I’m in a rush so need to be brief as I’m getting ready to demonstrate some of the lovely recipes from my WI Cookbook this Saturday (May 2nd) at Penshurst Farmers Market. The weather is promising to be suitably springlike so I’m channelling my thermals for freezing winds and showers and am preparing a fairly hearty soup to warm up visitors but, of course, it’s the WI so there will be plenty of historic cake too. And I’m planning to flambe some Crepes Suzette as a tribute to the Sixties.
I’ll be signing copies of both the WI Cookbook and my other book Back in Time for Dinner and revealing a few stories behind researching and working on these two wonderful projects. So come along for a chat and a piece of cake….
And make sure you read on to work out just what to buy as you wander around the marketwhen you do.
What to buy this MAY at the Farmers’ Market
Longer days with some warm spring sunshine means May is always an exciting month at the Farmers’ market, as we start to see the first signs of the bounty of produce that will be with us in the coming months. Best of all there is wonderful English asparagus, one of the great treats of the season. A cool March and early April has kept the spears waiting in the ground but they are pushing through the earth now ready for harvesting. And it looks like it’s going to be a bumper harvest. So when you find the first spears available, buy them! Asparagus is at its sublime best when picked and cooked within hours, something easily achievable when bought locally at the market, unlike the supermarket version which may be several days old and have lost both the distinctive sweetness and tender texture as a result. Make the most of the delicate flavour by serving simply steamed with melted butter or hollandaise, or toss with crumbled local goat’s cheese, some toasted pine nuts and a simple olive oil and lemon vinaigrette. Or try the luxurious chicken recipe below.
Other spring vegetables are just starting to appear after the cold of the winter. Look out for are tender little early English new potatoes giving the Jerseys a run for their money. Leaves such as spinach, watercress, rocket and lettuces can now be found sitting alongside the last of this year’s main vegetable crop of purple sprouting broccoli, spring cabbage, cauliflower, spring greens, spring onions and radishes. Radishes, spring onions and samphire show that lighter eating is now an easy choice for the cook. The wealth of summer berries are still ahead of us but do continue to make the most of green outdoor rhubarb this month in crumbles, pies and fools. Or try making your own rhubarb jams and chutneys – the tart flavour of the fruit is ideal used this way, particularly if you add ginger as a flavouring. By the end of the month the earliest gooseberries should be available ready to pair up with their perfect partner – elderflowers. Just add a head or two of creamy white flowers (pick away from roads or sprayed fields and shake to remove bugs) to the gooseberries as they cook and lift out before serving.
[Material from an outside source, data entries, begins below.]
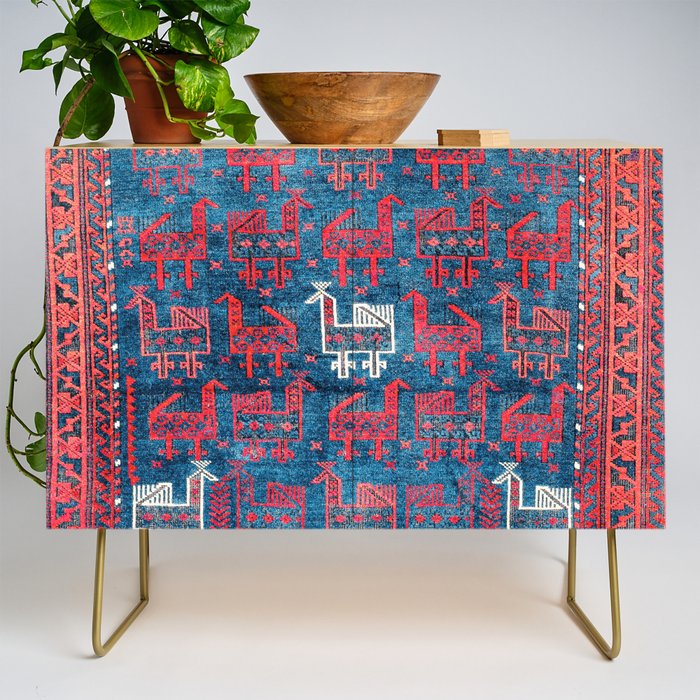 25 Peacocks Baluch Khorasan Persian Bag Face Print Credenza Gallery Image 1
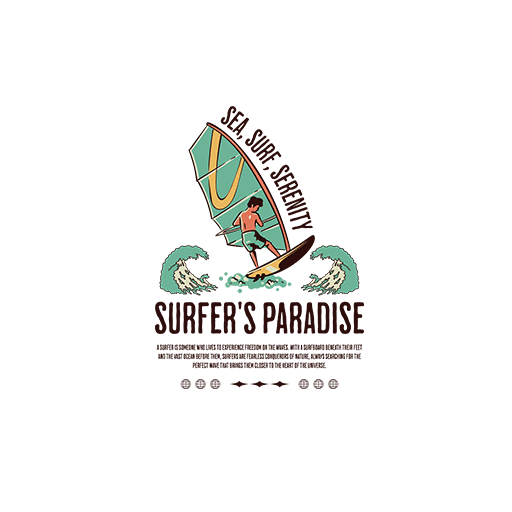 卡通冲浪人物图案帆船图案卡通英文字母图案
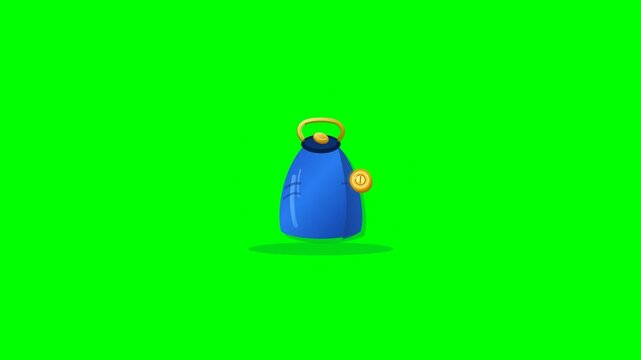 Cartoon blue party horn with golden bell on green screen background.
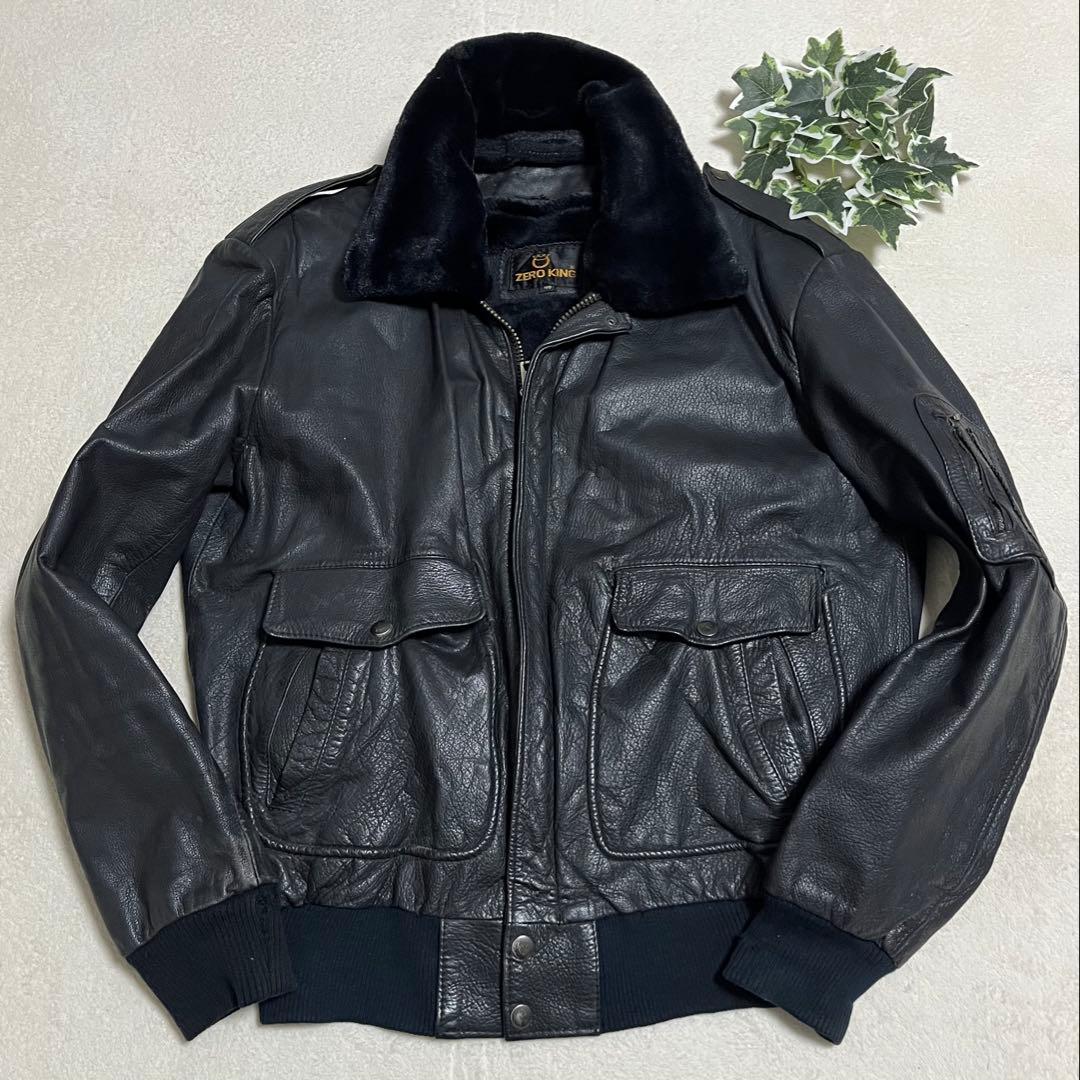G-1 フライトジャケット　レザー　70s ビンテージ　　着脱可能ライナー付き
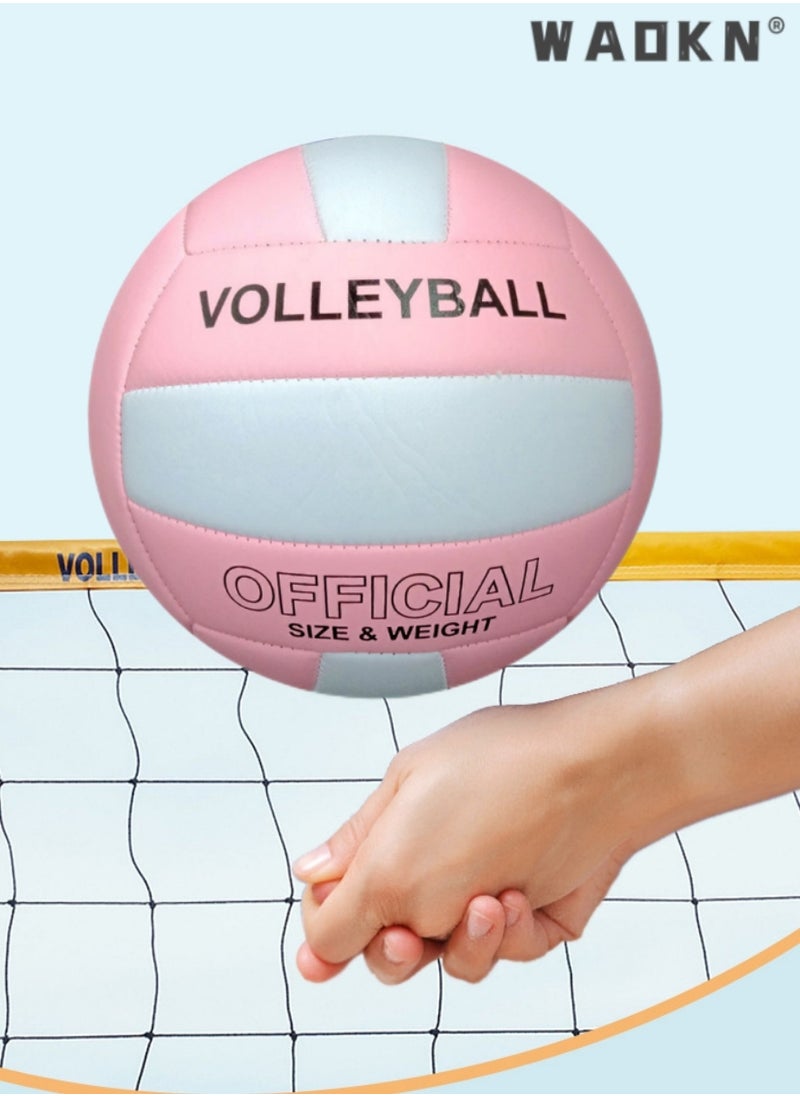 WAOKN Inflatable Soft Volleyball,Volleyball PU Leather Soft Outdoor Soft Adult Volleyball Explosion-proof Machine Sewing Standard No. 5 for Indoor, Competition,Training,Beach Volleyball（White and Pink）  - Image 3
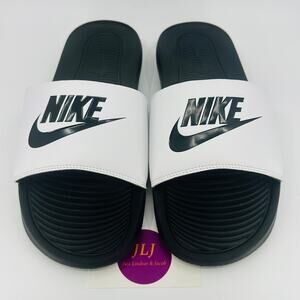 Nike Men's Victori One Athletic Slide Sandals Black/White CN9675-005 Size 10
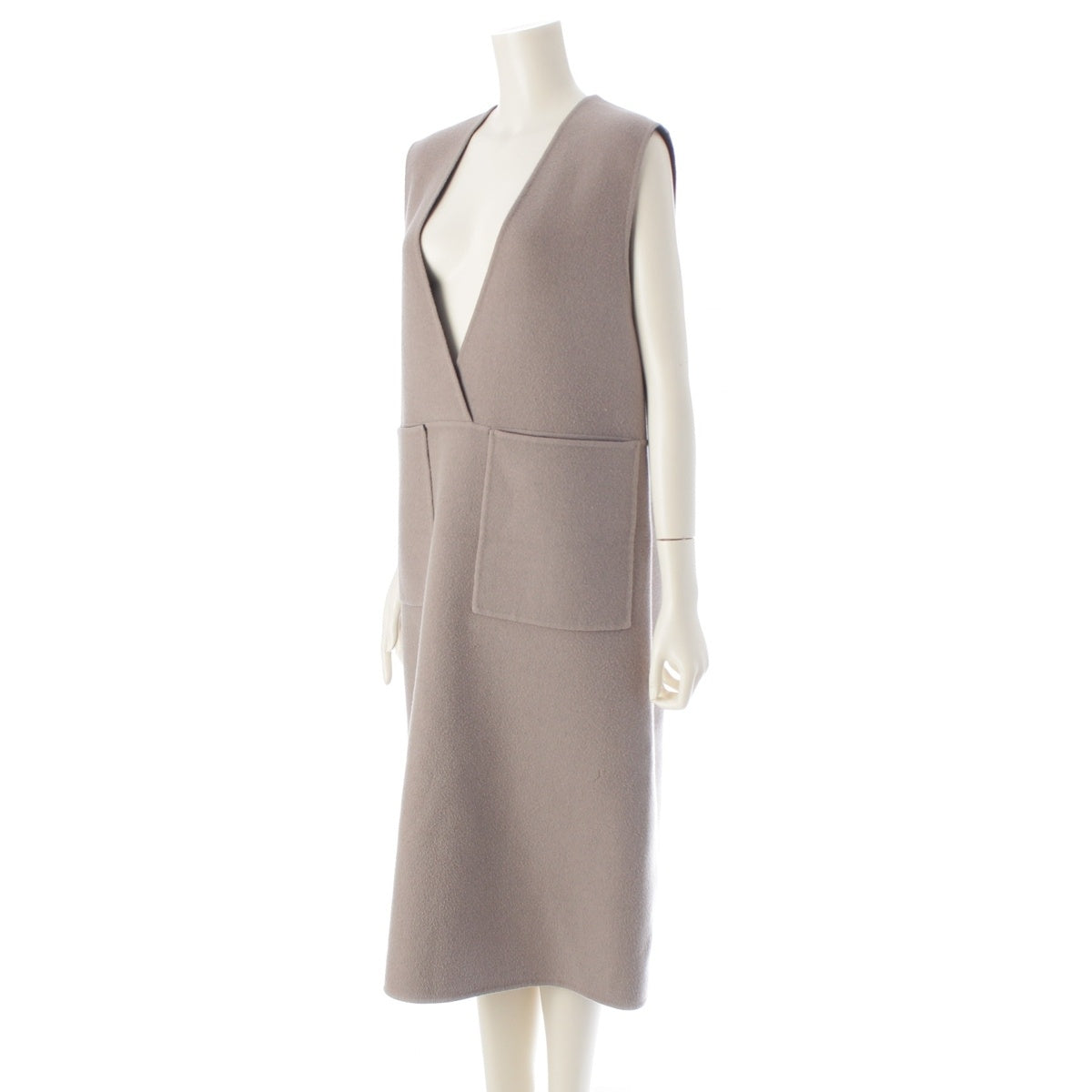 Drawer wool Long gilet one piece Kenuki V-neck gray 34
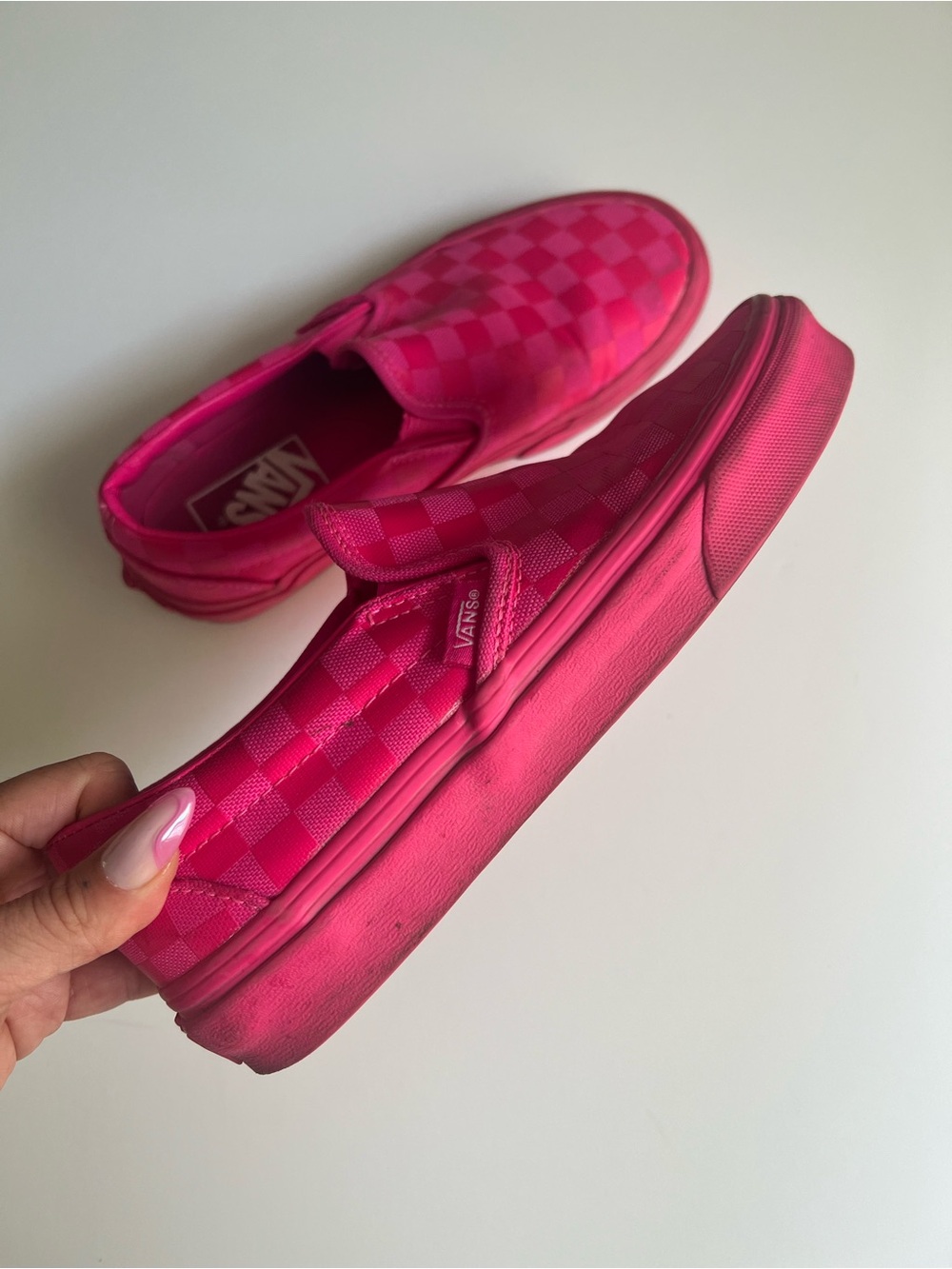 Vans Kids Checkerboard Slip-On Sneakers - Hot Pink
Wild sea trout is one of the season’s great treats – smaller fish make a lovely meal for one. Lemon sole, cod, halibut and sea bass are all good at this time of year and shellfish fans should keep an eye out for razor clams and cockles. For meat eaters spring lamb will start to appear during the month – lambs are sold the year of their birth and the early season lamb is tender and fine flavoured. Look out for salt marsh lamb coming in at the end of the month, with its juicy meat and distinctive flavour. Roast and serve simply with new potatoes cooked in their skins with a sprig or two of fresh mint and samphire to enhance the salty tang to the flesh. To cook samphire just rinse and boil in water briefly – don’t add any more salt – then toss in a little local butter. The texture should be still crisp. Local reared beef and pork will be at their most succulent as the grazing starts to green up.
Chicken with asparagus, cream and lemon
This classic dish is luxurious enough for spring entertaining but simple enough to prepare for an after-work supper. Serve it with steamed new potatoes and a green salad or with buttered tagliatelle
Serves 4/Prep 10 minutes/Cook 25 minutes
4 chicken breast fillets, cut into thick lengths and seasoned with salt and pepper
1 medium onion, finely chopped
2 tbsp plain flour
100ml dry white wine
300ml chicken stock
juice and finely grated rind of 1 lemon
450g bunched asparagus, trimmed and cut into 5cm lengths
100ml local double cream
2 – 3 tbsp each chopped fresh mint and parsley
salt and freshly ground black pepper
Melt the butter in a medium heavy-based casserole, add the chicken stripsand brown lightly on all sides over a medium high heat. Remove from the pan with a slotted spoon and set aside.
Add the onion to the pan and cook over a low heat for several minutes until lightly coloured. Return the chicken and any juices to the pan. Sprinkle over the flour, stir and let it cook for a minute. Increase the heat and add the white wine, stirring. Gradually add the stock and lemon juice and bring to the boil, stirring, then lower the heat and simmer gently for about 5 minutes until the chicken is nearly cooked through.
Add the asparagus and seasoning, pushing the asparagus under the surface of the liquid, and continue simmering for about 5 minutes, until the asparagus is just tender. Stir in the cream, lemon rind and chopped herbs and heat through back to simmering point. Check the seasoning and serve with steamed rice or new potatoes.